# Carba-Tec 4SE



## ToddMR (May 13, 2010)

So I got this new lathe yesterday.  I got home and was anxious to turn on it.  The book that comes with it is very lacking in any real directions.  Mounting the variable speed control was cake.  The sticking point was the tail stock and trying to figure out how to get it to move.  I kept moving the handle and the thing would not budge.  The book doesn't tell you anything other than to move it and lock it down.  My old lathe you have to loosen and tighten a nut to get it moved so this was different using a lever.  At one point messing with it the thing suddenly slid fast down the bed and hit the tool rest mount.  This in turn broke off the lever/bar for raising/lowering the rest which was just over top of a bolt.  Then I realized I just hold the handle on the tail stock in the up position and slide it that way.  If I let it drop it has too much tension and will not slide.  I was upset when I tried to call PSI and it was after 8:30 so no one there to answer.  I called this morning and they are sending me a new lever which wasn't a big deal to begin with.  I am VERY happy with the lathe other than the lacking manual.  I turned an ebony cigar pen this morning and WOW it looks nice!  I am sure some of you might get a laugh out of this.  At first I was wondering had I purchased the right lathe, but after using this morning I knew I had.  The only other issue I had last night, which I believe I corrected was when trying to turn it sounded like the motor at times would slow if I put too much pressure when turning etc, but I think what I was actually hearing was the mandrel slowing because this morning a couple times I really put pressure like I have done on my big lathe and I had zero issues.  The 3" tool rest that comes with it isn't bad, but I need to order the 6" today.  I wish I could find a place that sold an adapter since the bar is only 1/2".  So far only PSI sells and you have to get both the 6" & 9" but for $20 I am not complaining lol.  I will probably give this lathe 4 stars only because the book other than mounting the control and part #'s is pretty lame.


----------



## OldGrumpy (May 13, 2010)

*Carba Tec*

You are right about the weaknes of documentation.  However, I have enjoyed the lathe and find it is great for pen making.


----------



## ToddMR (May 14, 2010)

Well I spoke too soon.  I think I am going to send this thing back.  A couple things I can't get past personally.

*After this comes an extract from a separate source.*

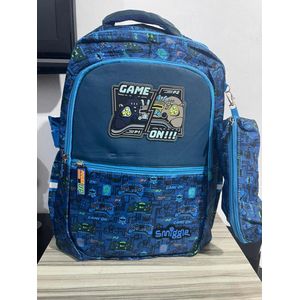 Smiggle Unisex Large Blue Backpack School Bag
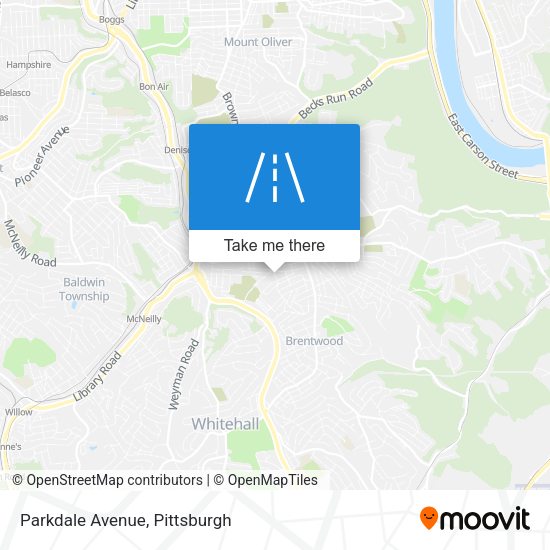 Mapa de Parkdale Avenue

1)  The 1/4 HP DC motor just doesn't seem like it has enough behind it
2)  Even with the tool rest lowered all the way it feels like to me that the height between toolrest and mandrel is too close imo.
3)  Not real big on the plastic handles
4)  MT #1 is going to limit me somewhat & the 1/2" tool rest bar will for sure

So my plan is to call PSI and confirm I can send it back.  I am thinking about heading to Woodcraft today and picking up the Jet Mini Lathe.  Yes it won't be VS, but I think at this point I would be happier.  Just me personally.  I have been trying to tell myself I am happy, when in fact I am not.  I will let you all know what happens.


----------



## 2cor520 (May 14, 2010)

Todd, I have been using the Jet mini for years and love it.  Changing the belt isn't a problem at all.


----------



## ToddMR (May 14, 2010)

2cor520 said:


> Todd, I have been using the Jet mini for years and love it.  Changing the belt isn't a problem at all.

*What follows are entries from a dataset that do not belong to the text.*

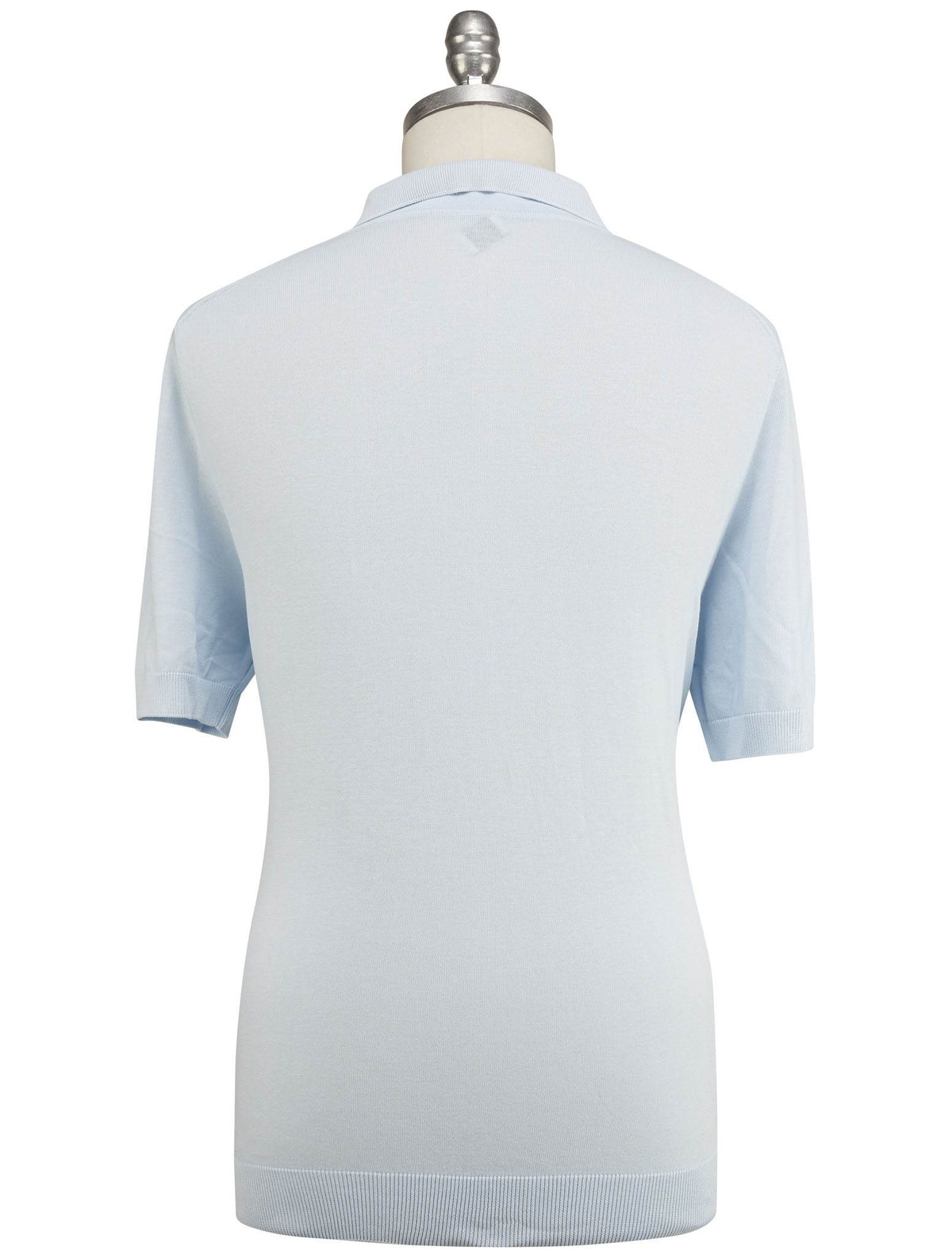 Luigi Borrelli Light Blue Cotton Polo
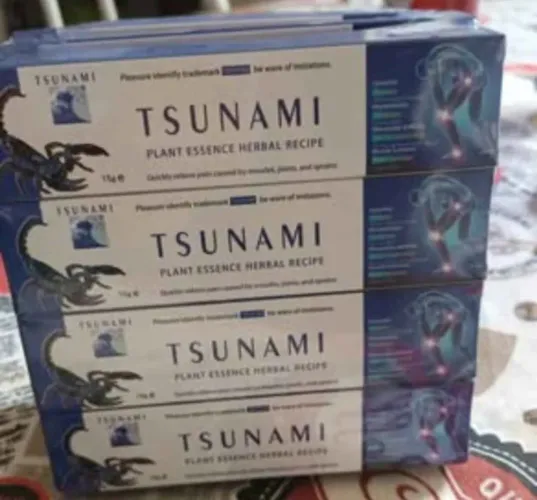 Tsunami pomada de massagem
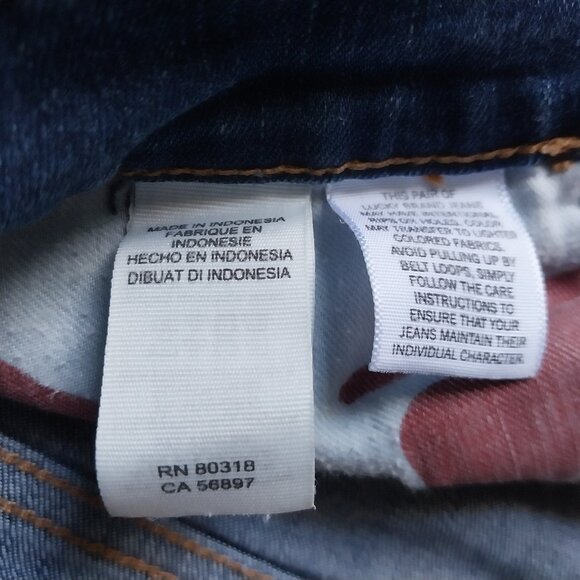 EUC Lucky Brand Sweet Boot 6/28 STRETCH Zip Fly - Picture 8 of 13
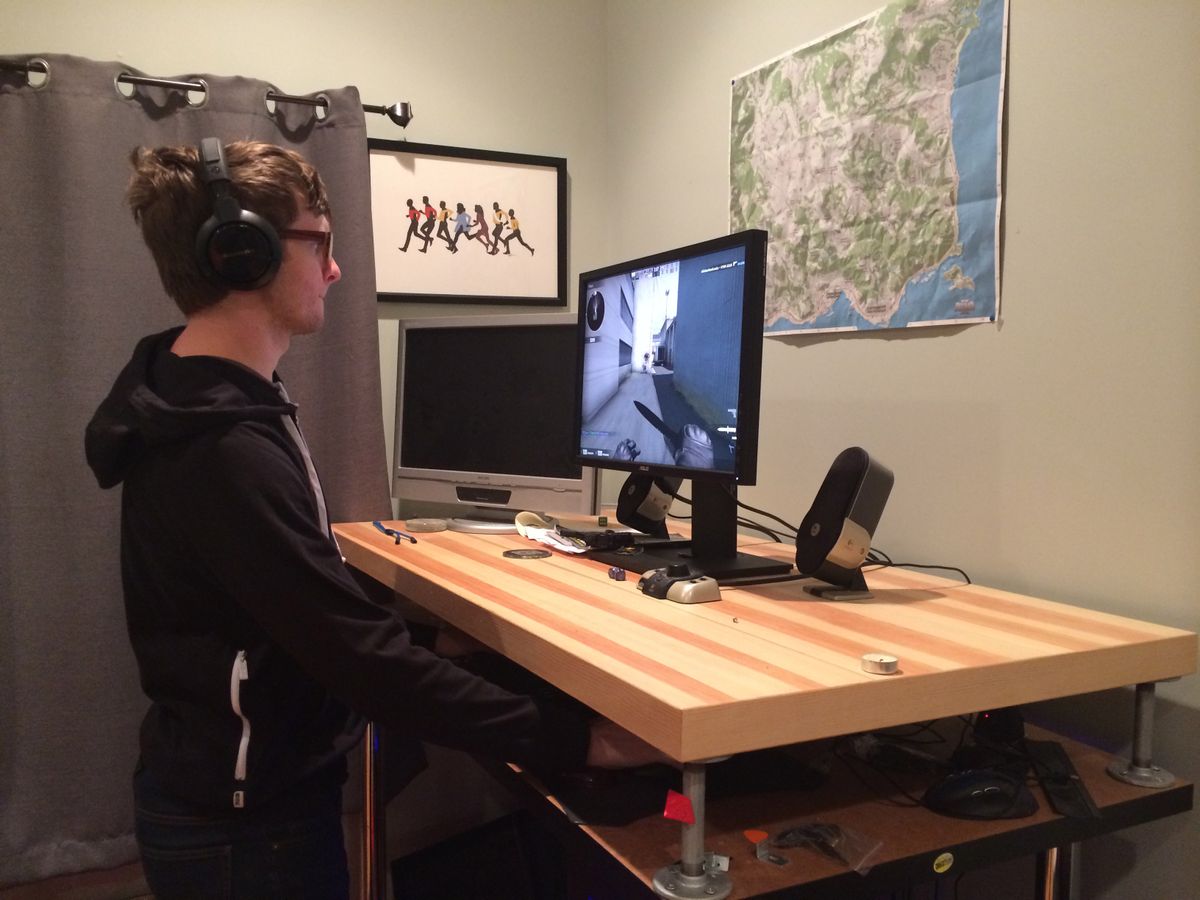 A year of PC gaming with a standing desk | PC Gamer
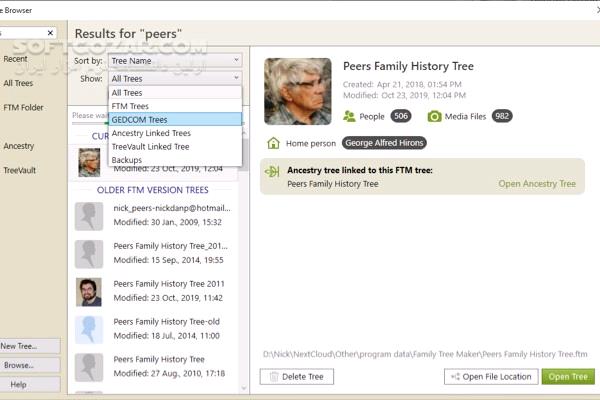 دانلود Family Tree Maker 23.3.0.1570 Windows/ 24.0.1.252 macOS - دانلود فمیلی تری میکر - سافت گذر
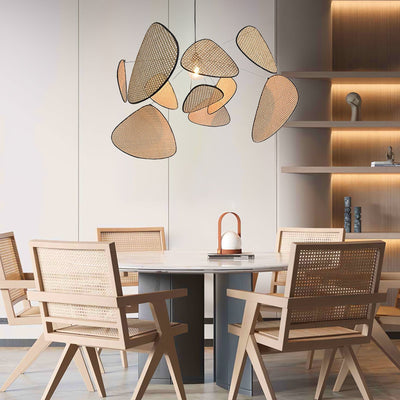 Ariinora Pendant Light Rattan Swag Industrial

Yeah I know it won't be an issue.  My big lathe is controlled like that.  I am picking up the Jet lathe here in a couple hours.  If anything else I can always get the VS controller for it later.


----------



## DurocShark (May 22, 2010)

You might get a better response from PSI if you upgrade to a TCPro or Commander. I don't know of anybody who has a Commander yet, but I have a Turncrafter Pro and am really happy.


----------